NOTE: An actor "playing the same character over and over" is often a comedian playing themselves, or simply someone with a lack of range. Either way, think long and hard about whether they truly qualify for this trope before adding them.
Despite the use of many other characters from the comics, the Batman movies also have Expys for some characters:
Tim Burton didn't want to use Harvey Bullock in the 1989 Batman movie, so he created the overweight, gruff, corrupt Lt. Eckhardt in the Batman movie.
Jack Napier is not only The Joker, but an Expy of Joe Chill, the mugger who killed Thomas and Martha Wayne.

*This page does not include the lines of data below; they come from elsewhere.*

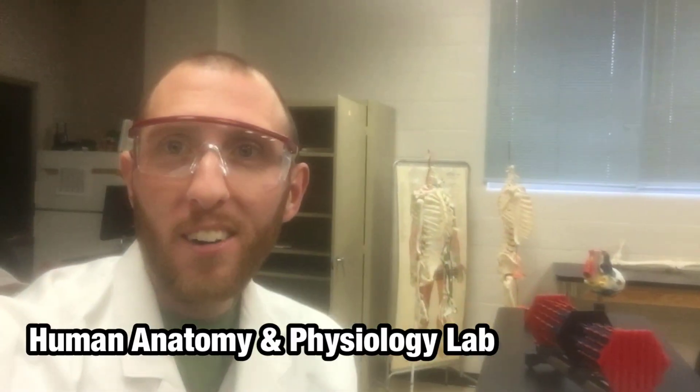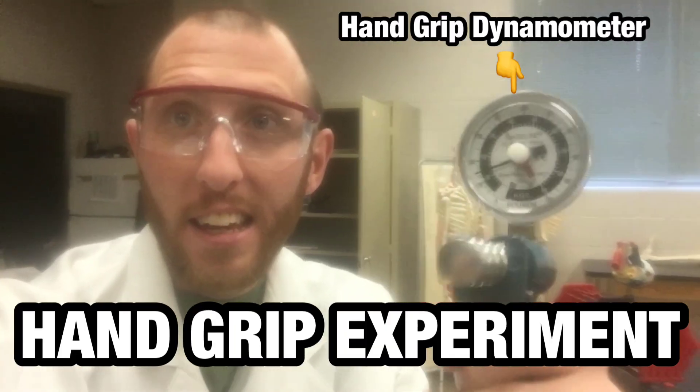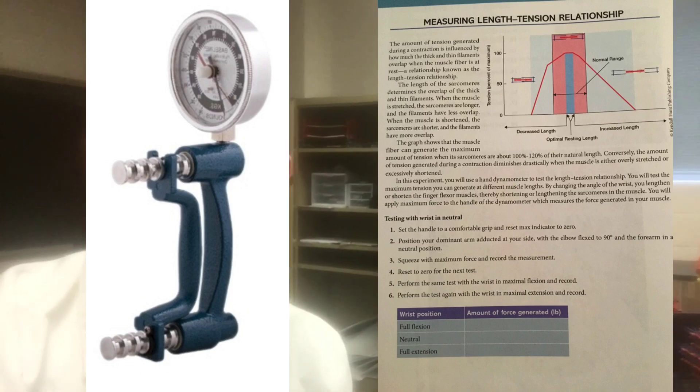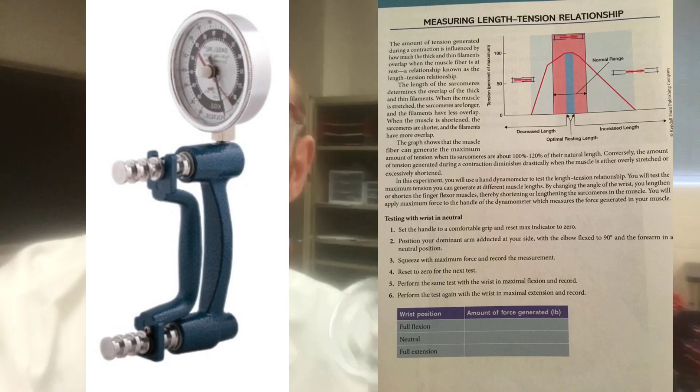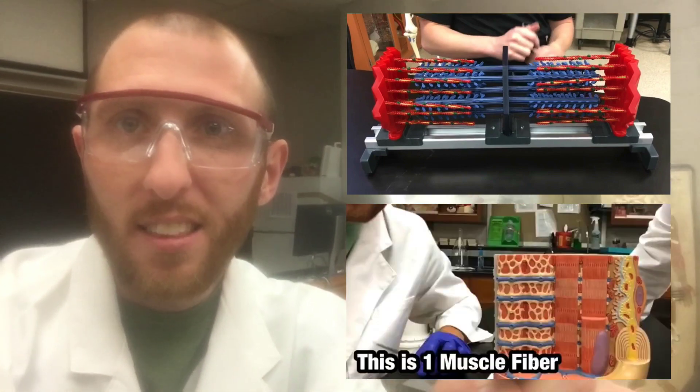Hey everybody, today we're talking about the hand grip dynamometer and the hand grip experiment from your lab manual. We're going to tie together everything that you know about the sarcomere, the muscle fiber, and muscle strength. So let's go through the experiment.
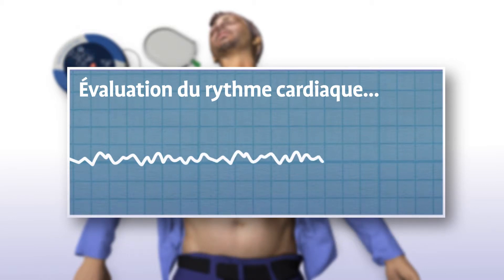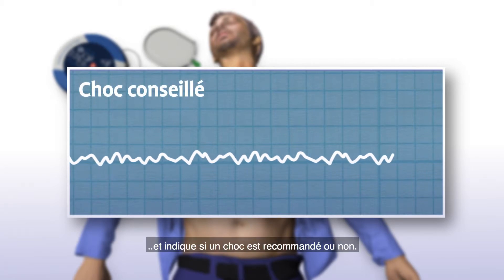The Samaritan PAD automatically assesses the patient's heart rhythm. Analysing heart rhythm. Do not touch the patient. And recommends whether or not a shock should be delivered.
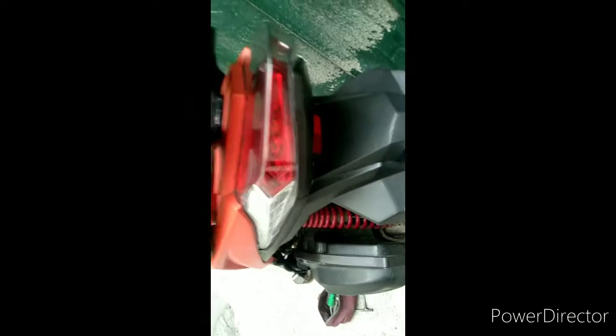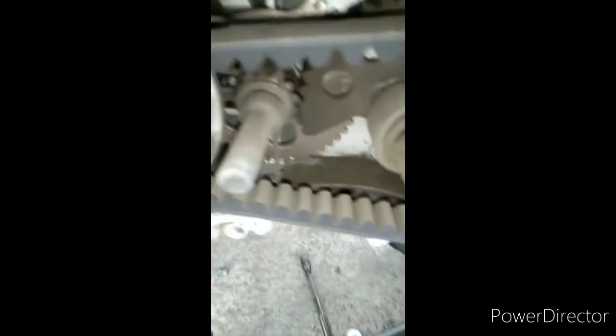So mayroon tayo lilinisin ngayon mga Pops, Tarko style frame fresh from casa. Sabi ni Pops, grabe daw yung dragging. Kaya grabe ang dragging kasi tingnan nyo naman o, ang dungis ng kanyang crankies. Ito sa loob, grabe sobrang dungis.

In The Dark Knight, you have Officers Stephens and Ramirez, who are essentially Expys for Harvey Bullock and Renee Montoya, with the exception being that Ramirez is actually a traitor. Stevens on the other hand is Bullock right down to the toothpick chewing but his name was probably changed so the film wouldn't have two characters named Harvey.

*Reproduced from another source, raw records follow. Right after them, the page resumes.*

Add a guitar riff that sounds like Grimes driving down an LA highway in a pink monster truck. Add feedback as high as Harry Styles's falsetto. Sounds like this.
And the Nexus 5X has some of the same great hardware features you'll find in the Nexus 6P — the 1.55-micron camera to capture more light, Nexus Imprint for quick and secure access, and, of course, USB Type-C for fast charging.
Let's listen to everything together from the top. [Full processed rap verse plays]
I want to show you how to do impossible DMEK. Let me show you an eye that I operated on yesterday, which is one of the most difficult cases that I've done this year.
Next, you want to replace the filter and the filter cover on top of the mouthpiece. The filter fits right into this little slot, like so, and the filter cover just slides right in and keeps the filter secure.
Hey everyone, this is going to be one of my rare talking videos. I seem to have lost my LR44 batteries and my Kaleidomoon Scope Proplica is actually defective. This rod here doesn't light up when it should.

It's rumored that Ramirez was supposed to be Montoya, but was changed to an original character because of the revelation that she was actually a crooked cop.
Sgt. Stone seems to be a replacement for professional wrestler Sgt. Slaughter. Oddly, he's not the first Expy of him, with Beachhead having also filled the role. He also aligns with multiple "Lt. Stone" characters in Joe cartoons and comics.
In Gremlins 2: The New Batch, one Mogwai looks and acts very similarly to Stripe from Gremlins. The music sting, the way the camera zooms in and Gizmo's reaction all make it abuldantly clear to everyone including Gizmo that, for all intents and purposes, Stripe has been reborn. (Technically, both characters are brothers, as they both popped out of Gizmo's back after he got wet, and the New Stripe has black and white fur rather than brown and white, and after he becomes a gremlin, he has a reptilian frill rather than a Mohawk. But still undeniably an expy of Stripe.)
The villains in each of the direct sequels to Highlander — Katana in Highlander II: The Quickening, and Kane in Highlander III: The Sorcerer — were pale imitations of the Kurgan, the memorable villain from the original. Kane even had the same deep, rough Dr. Claw voice as the Kurgan. Likewise, the villain from the TV series' pilot "The Gathering", Slan Quince, was also a Kurgan expy.
Being an Affectionate Parody to superhero movies in general (and a VERY good one at that, seeing that it won two Oscar Awards and all), it shouldn't be a surprise that The Incredibles thrusts a whole lot of superhero expies in your face from start to finish.
The family is very nearly the Fantastic Four. Even their costumes and name (Fantastic/Incredible) are similar:
Jack-Jack, who is shown to have highly variable superpowers at the end of the movie, is based on Franklin Richards, the young son of Mr. Fantastic and the Invisible Woman who has ill-defined but incredibly vast powers.
Syndrome, is a somewhat more rotund Doctor Doom, a villain whose primary superpowers are simply being so good at super-technology that his super-suit is more powerful than the family combined.
Frozone is basically Iceman from the X-Men comics as played by Samuel L. Jackson. They even have the same way of getting from place to place: creating ramps of ice to skate everywhere.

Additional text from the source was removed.